We all know that if you want to actually speak to someone now that the phone system has to find them, alert them, and capture their attention—that is, subject them to the tyranny of live, because that’s what you want to do. But did you realize that when you are leaving them a voice message that the system has the same behavior? It requires a “live” connection between you and the callee’s voice mail system (which doesn’t actually care that you are there at that moment)–with all the overhead that implies.

Of course, with today’s technology we don’t have to go straight from waveforms to sound or vice versa; we can digitize the data and do whatever we can imagine with it. We can save it; we can send it later; we can broadcast it, email it, transcribe it. (Most of us don’t do all these things with voice because it’s too much hassle to have 5 applications to replace our phones—even with all its limitations.)
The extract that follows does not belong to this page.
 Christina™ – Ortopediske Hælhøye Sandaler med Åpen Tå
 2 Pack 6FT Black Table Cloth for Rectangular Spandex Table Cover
The worse effect of accepting the tyranny of live is the fact that in tactical communications, the only messages you get are those that you can receive live, as in, real time now. Most of the radios send messages as they are spoken and transform the incoming messages directly into sound as they arrive. If there is any glitch in your real time network, a little bandwidth shortage, a piece of waveform disrupting hardware (an air conditioner, say), a bit of a hill, you never, ever receive that message. It is lost to you. And if no one repeats it at the right moment (how efficient is that?) you will not hear that message to get out of the building.

Things have to change for us to succeed in revolting against the tyranny of live, but it turns out that the technology is at hand in these days of IP networks and capable devices. And in the future your communications can happen when you want, and how you want, and you will spend as little “time” as possible making them effective.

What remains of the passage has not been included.